***** Source material *****

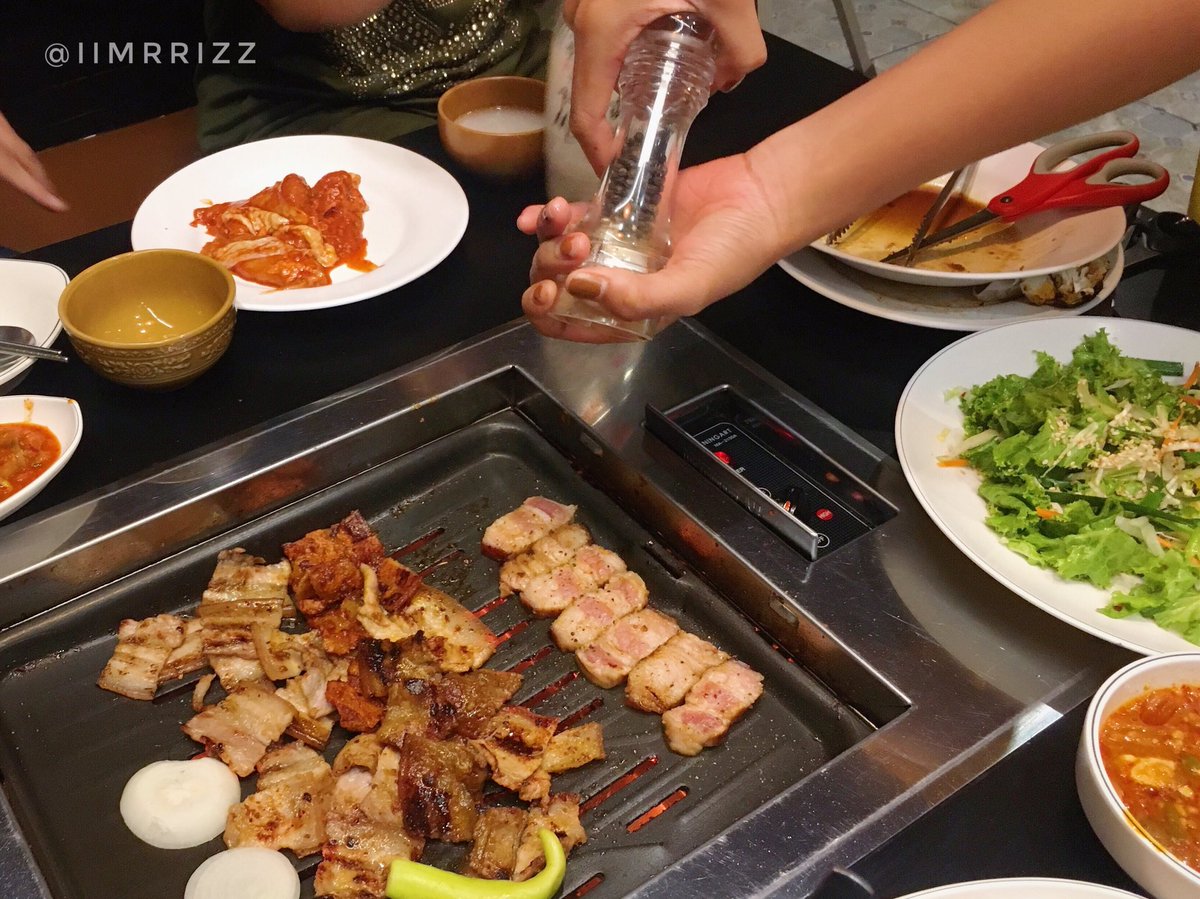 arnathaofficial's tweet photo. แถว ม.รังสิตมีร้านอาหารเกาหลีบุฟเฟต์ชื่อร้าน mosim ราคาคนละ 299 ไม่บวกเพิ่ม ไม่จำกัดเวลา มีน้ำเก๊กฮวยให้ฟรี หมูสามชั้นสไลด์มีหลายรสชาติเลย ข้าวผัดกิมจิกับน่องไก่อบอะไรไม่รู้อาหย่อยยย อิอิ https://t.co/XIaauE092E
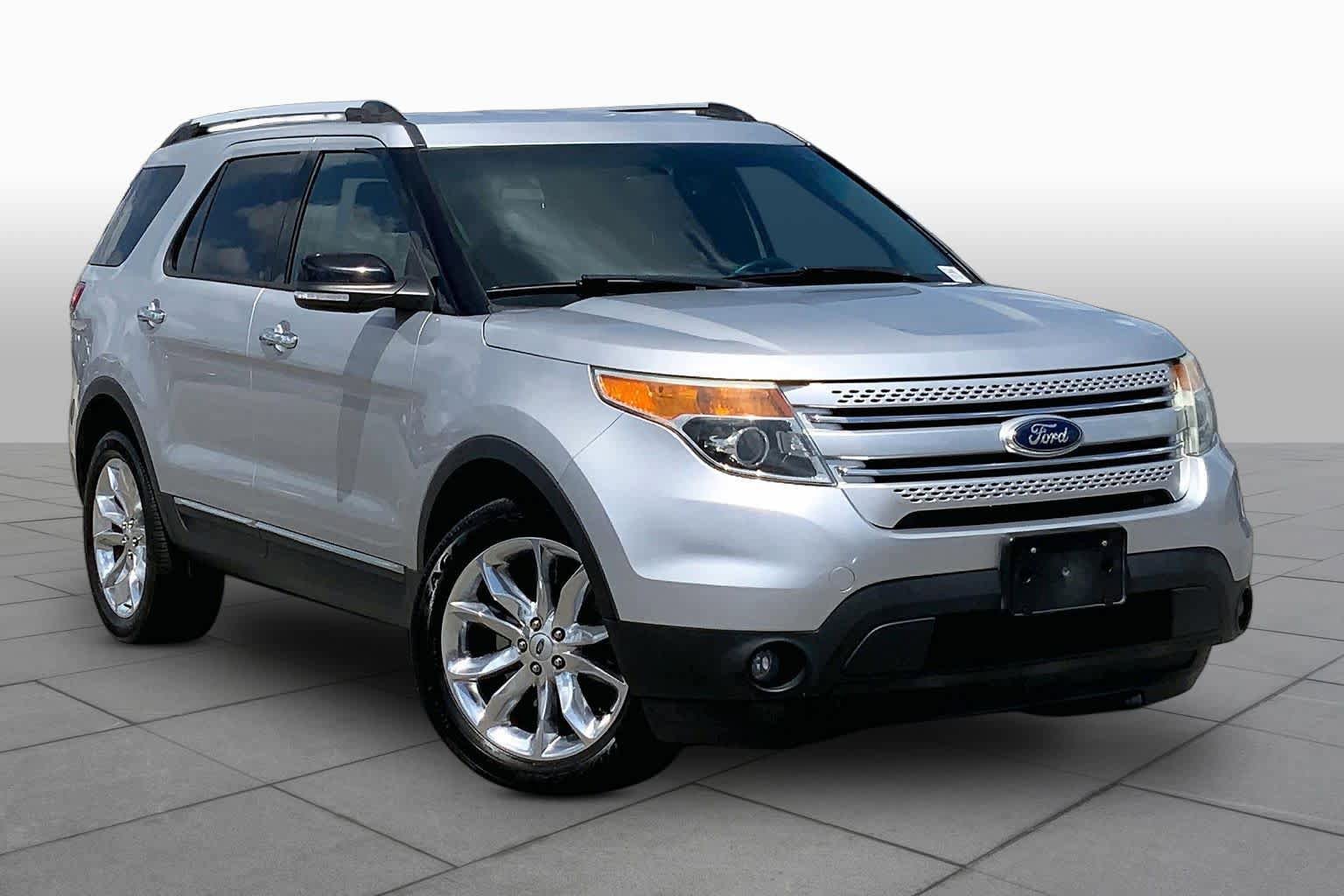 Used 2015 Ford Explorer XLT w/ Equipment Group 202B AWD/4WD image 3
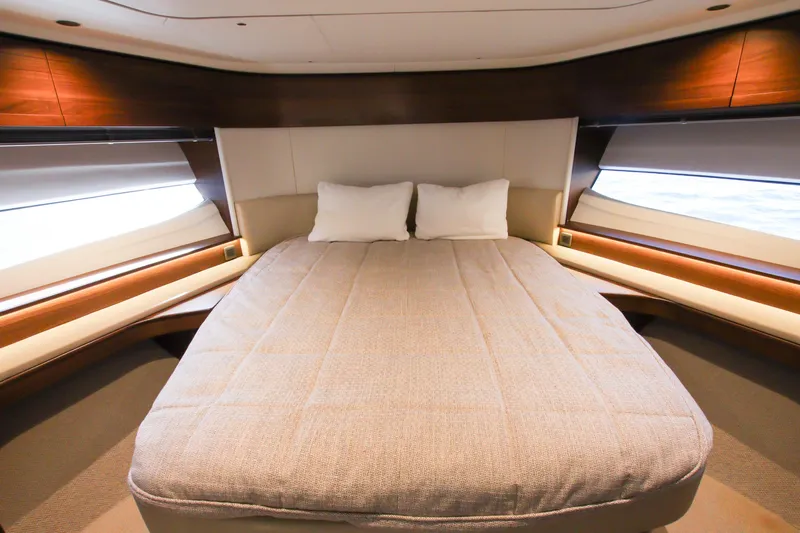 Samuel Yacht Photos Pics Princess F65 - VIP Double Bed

*****

Task brief: From the line with "Used 2015 Ford" to the last line of the material, both inclusive, set down every line exactly and nothing else; omit pictures.

Solved problem:
 Used 2015 Ford Explorer XLT w/ Equipment Group 202B AWD/4WD image 3
 Samuel Yacht Photos Pics Princess F65 - VIP Double Bed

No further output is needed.